Die D3 zeigt und beschreibt ein Steuerventil für Luftfederungen von Fahrzeugen, vgl. Bezeichnung. In Fig. 2 der D3 ist eine Ventileinrichtung (6) zur manuellen Änderung des Niveaus eines luftgefederten Fahrzeugs dargestellt. Ein gegenüber einem Gehäuse (18) bewegbares Bedienelement wird durch einen Hebel (Steuerhebel 80) betätigt und ist mittels einer Drehbewegung in die Stellung Senken (Stellung S in Fig. 2) überführbar. Zur Verhinderung einer Drehbewegung des Bedienelements aus der Stellung Senken ist, wie aus Fig. 1 und 4 ersichtlich, eine mechanische Arretiervorrichtung (85, 88) vorgesehen. Diese besteht aus einem feder-beaufschlagten Schnappteil (85), welches in die Ausnehmung eines Kopfteils (88) einrastet. Dabei wirkt die Arretiervorrichtung (85, 88) zwischen dem Bedienelement und dem Gehäuse (18). Die D3 offenbart damit eine Ventileinrichtung mit den Merkmalen 1 bis 3a. Eine Entriegelungsvorrichtung im Sinne des Merkmals 3b offenbart die D3 hingegen nicht. Die Übertragung der aus der D8 bekannten Lehre auf die D3 würde bedeuten, einen auf den Hebel (80) wirkenden Stellzylinder vorzusehen. Damit wird - wie bereits bei der vorangegangenen Neuheitsprüfung ausgeführt - nicht die Rastwirkung der Arretiervorrichtung (85, 88) aufgehoben, sondern unter Kraftaufbringung überwunden. Dementsprechend führt eine Übertragung der aus der D8 bekannten Lehre auf eine Ventilvorrichtung, wie sie die D3 offenbart, nicht zum Gegenstand des Patentanspruchs 1, weil eine Aufhebung der Rastwirkung der Arretiervorrichtung (85, 88) nicht erreicht wird (Merkmal 3b).

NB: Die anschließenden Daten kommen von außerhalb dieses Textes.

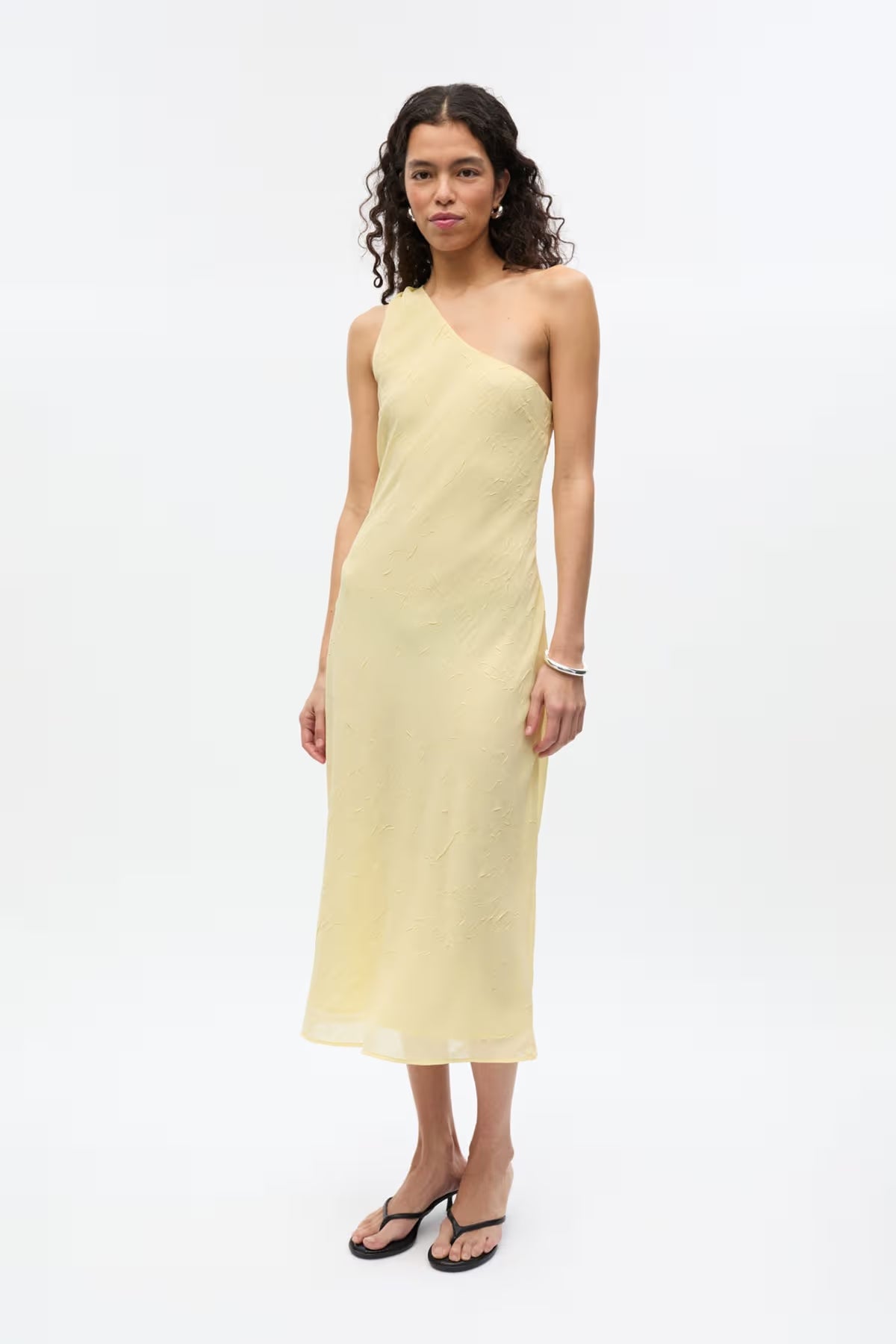 Enluna Dress Yellow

Der Fachmann wird somit weder durch die D8 noch durch die D1 angeregt, eine Entriegelungsvorrichtung vorzusehen, welche die Rastwirkung einer Arretiervorrichtung aufhebt und so einen Übergang aus der Stellung Senken in die Stellung Fahrt ermöglicht (Merkmal 3b).
Die übrigen Entgegenhaltungen kommen dem angegriffenen Patent jedenfalls nicht näher; sie haben in der mündlichen Verhandlung auch keine Rolle mehr gespielt. Allen Druckschriften fehlt es zumindest an einer Ausbildung, welche die Rastwirkung einer Arretiervorrichtung aufhebt und so einen Übergang von der Stellung Senken in die Stellung Fahrt ermöglicht (Merkmal 3b).
Die Vorrichtung gemäß dem erteilten Patentanspruch 1 ist daher patentfähig. Mit ihm sind es die Weiterbildungen der Vorrichtung nach den darauf zurückbezogenen Patentansprüchen 2 bis 15.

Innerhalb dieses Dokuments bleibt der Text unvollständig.